[[ DATA PROVIDED open ]]

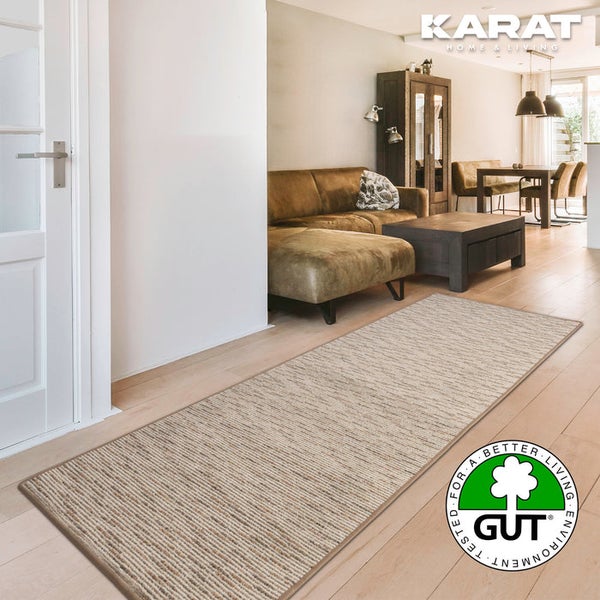 Gestreifter Läufer in hellem Wohnzimmer mit Sofa und Holzfußboden. Karat Home und Living Logo. Gut Siegel für umweltfreundliche Teppiche.
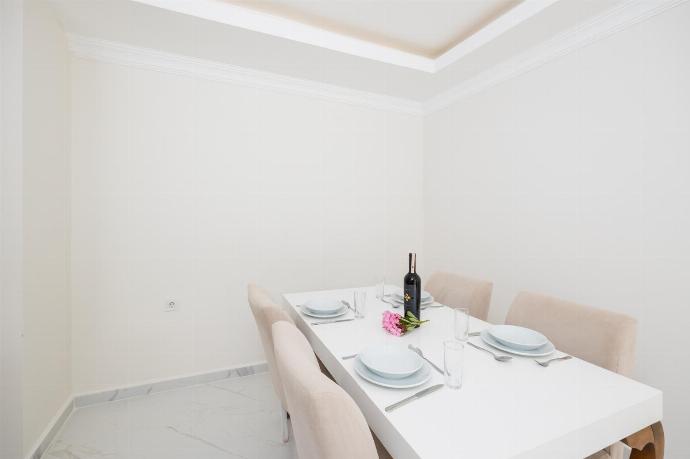 Living room with sofas, dining area, A/C, WiFi internet, and satellite TV . - Villa Premium F . (Photo Gallery) }}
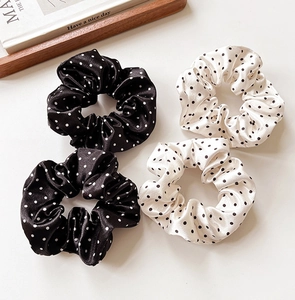 Close-up of four satin polka dot scrunchies in black and beige on a wooden tray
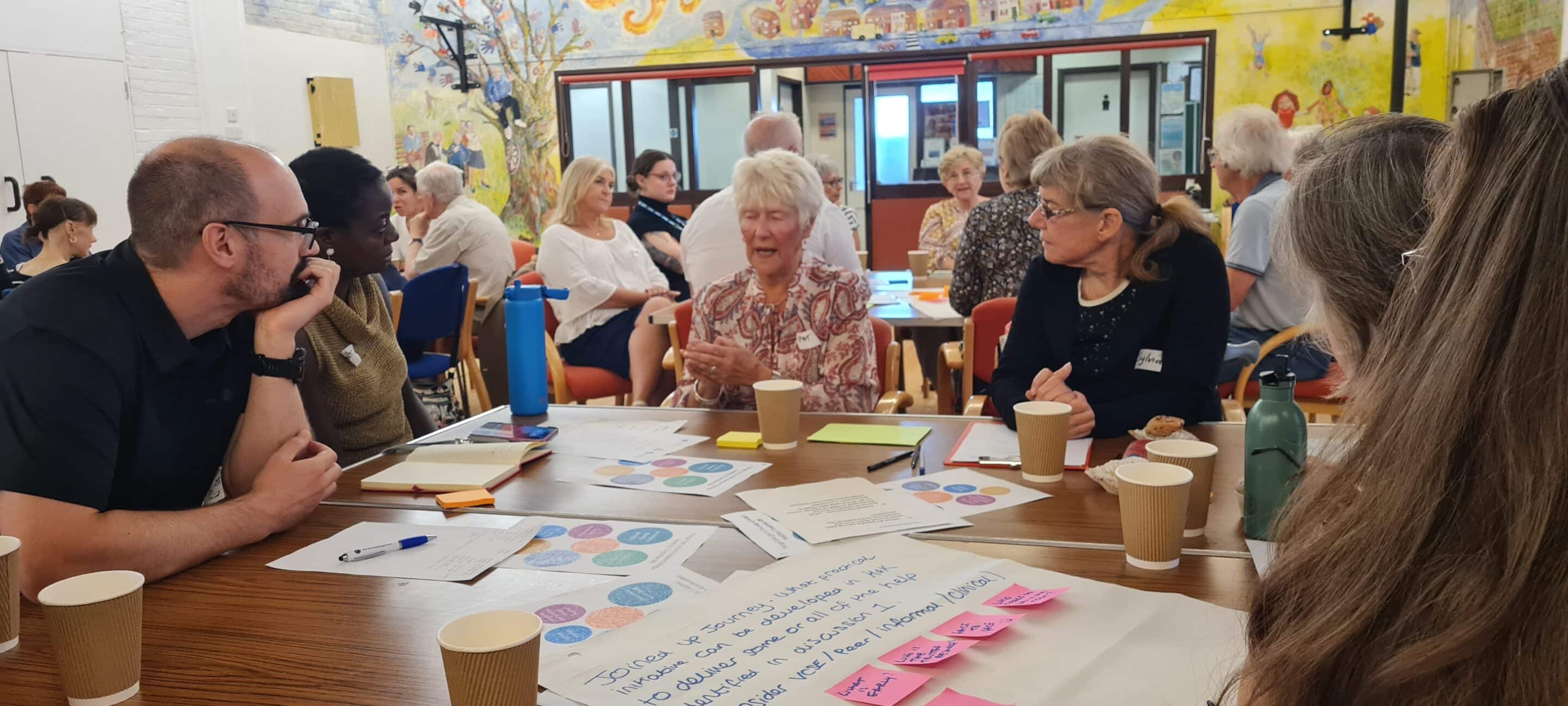 20250730_113820 (1) A group of people of various ages sit around a table in a bright, community-style room, engaged in lively discussion. Papers, pens, coffee cups, and post-it notes are spread out on the table. A colourful mural and more participants are visible in the background, contributing to a collaborative and inclusive atmosphere
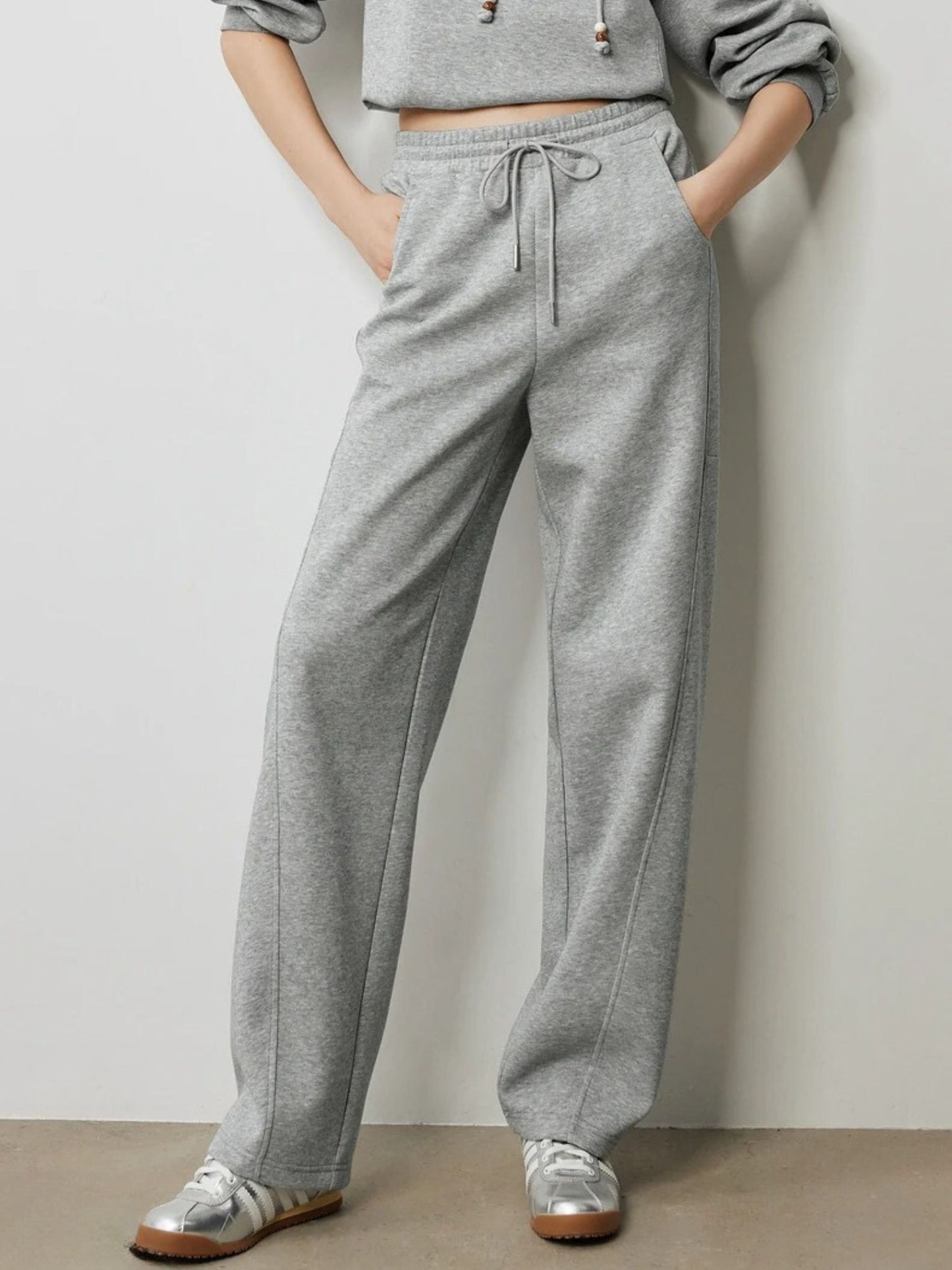 Close-up of grey drawstring trousers with elastic waistband and pockets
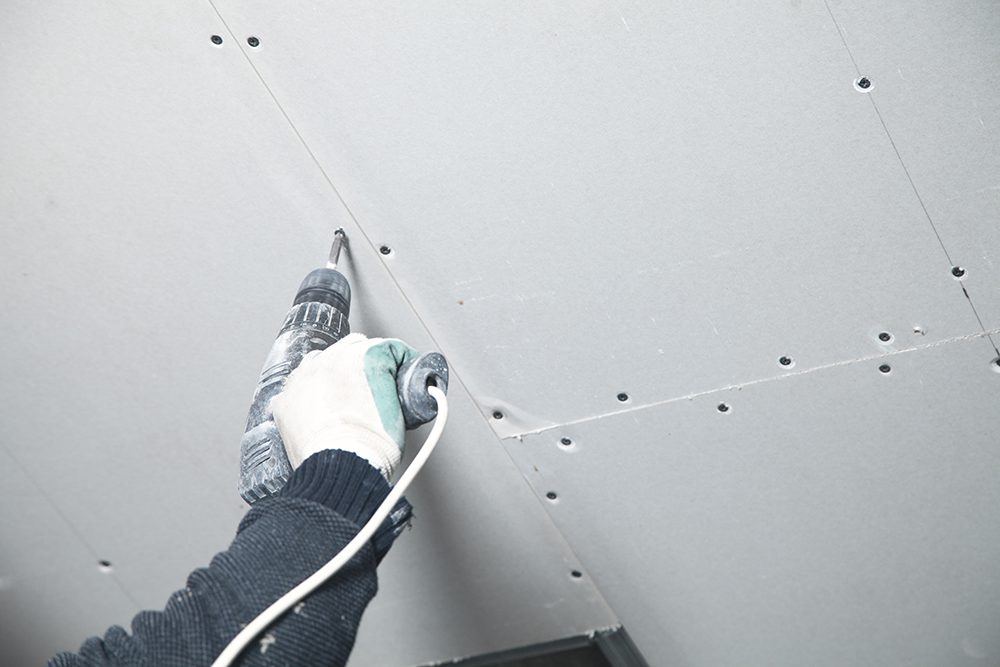 Worker with a drill screwdriver twists the screw into the drywall.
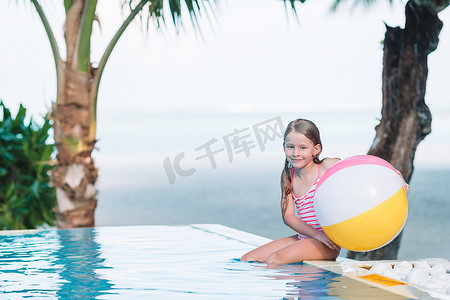 在室外游泳池玩充气玩具球的微笑可爱女孩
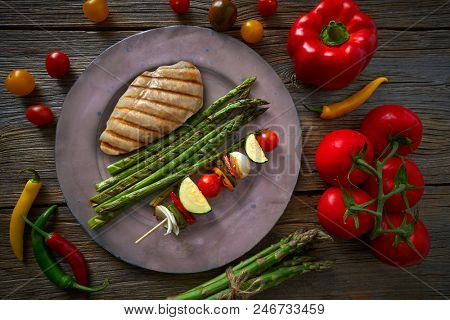 grilled chicken breast with brochette vegetable with grill asparagus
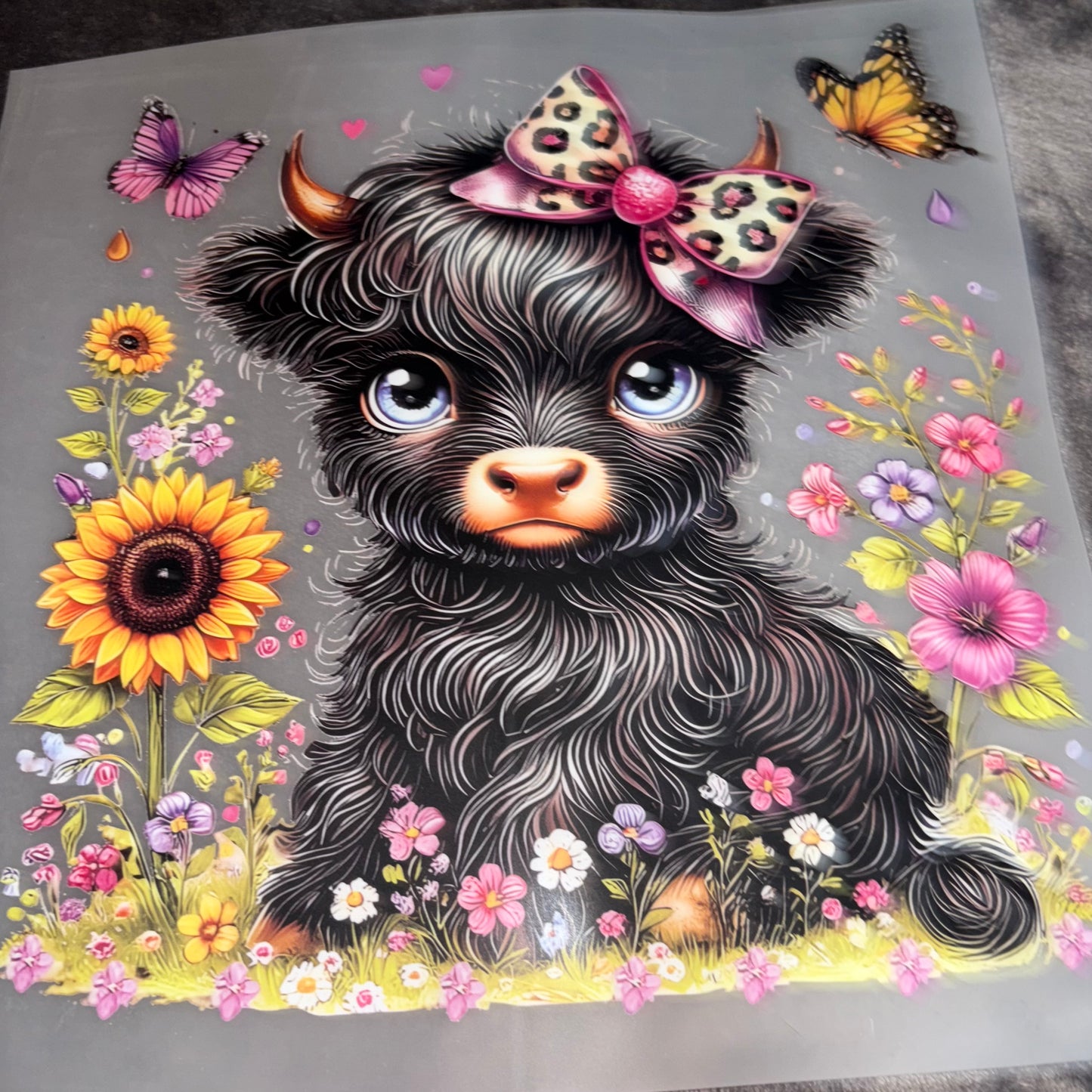 Black Cow with Bow in Feild of flowers and Butterflies Shirt Transfer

[[ DATA PROVIDED closed ]]

TASK REQUIREMENTS: Transcribe, from the records above, the first line and every line after it up to and including the line with "Close-up of four"; omit pictures.

TASK ANSWER:
 Gestreifter Läufer in hellem Wohnzimmer mit Sofa und Holzfußboden. Karat Home und Living Logo. Gut Siegel für umweltfreundliche Teppiche.
 Living room with sofas, dining area, A/C, WiFi internet, and satellite TV . - Villa Premium F . (Photo Gallery) }}
 Close-up of four satin polka dot scrunchies in black and beige on a wooden tray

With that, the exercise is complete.